Streaming Lines

04/15/2014, Tue
Categories: #JavaScript
Tags: #NodeJs

Line by Line

There are many streaming modules on npm to read lines from text files, but many are inaccurate and slow. Inaccurate means that there is a failure to read many lines and slow means that files with a lot of text per line will cause the modules to crawl.

Below are the lines counts and timings for reading a large json file, 'bird.json' with 909 lines. The json is densely packed, meaning there are a few lines that are very long.

bird json time bird json line count time

Line-reader (excluded from graph) nearly slows to a standstill when reading a json file with dense lines, taking over 76 seconds to complete the read. This is an exception for line-reader because line-reader is usually comparable in speed to other streaming modules on less dense files as shown below.

Now testing line reading on 'War and Peace' founded on Gutenberg. This text file has 65008 lines.

war and peace time war and peace time line count

Linebyline errored out with 'RangeError: Maximum call stack size exceeded', while most of the stream readers are in the neighborhood of 300ms.

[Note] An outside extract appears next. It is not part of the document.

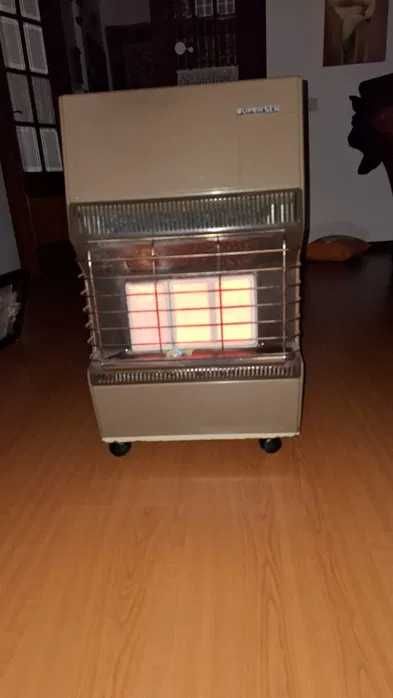 Aquecedor a gás com cerâmicas impecáveis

The files for the above benchmark is here.

Conclusion

It was surprising to see that some modules misread lines by a significant amount for 'bird.json' while almost all modules misreport the line count. The last line on both the json and text file is a blank line and often this is not read.

Most stream readers were not adept at reading the 'bird.json' file.

The more reliable streaming line reader module that I recommend would be 'split2' or 'split', since both are accurate on the line count and can handle densely packed files.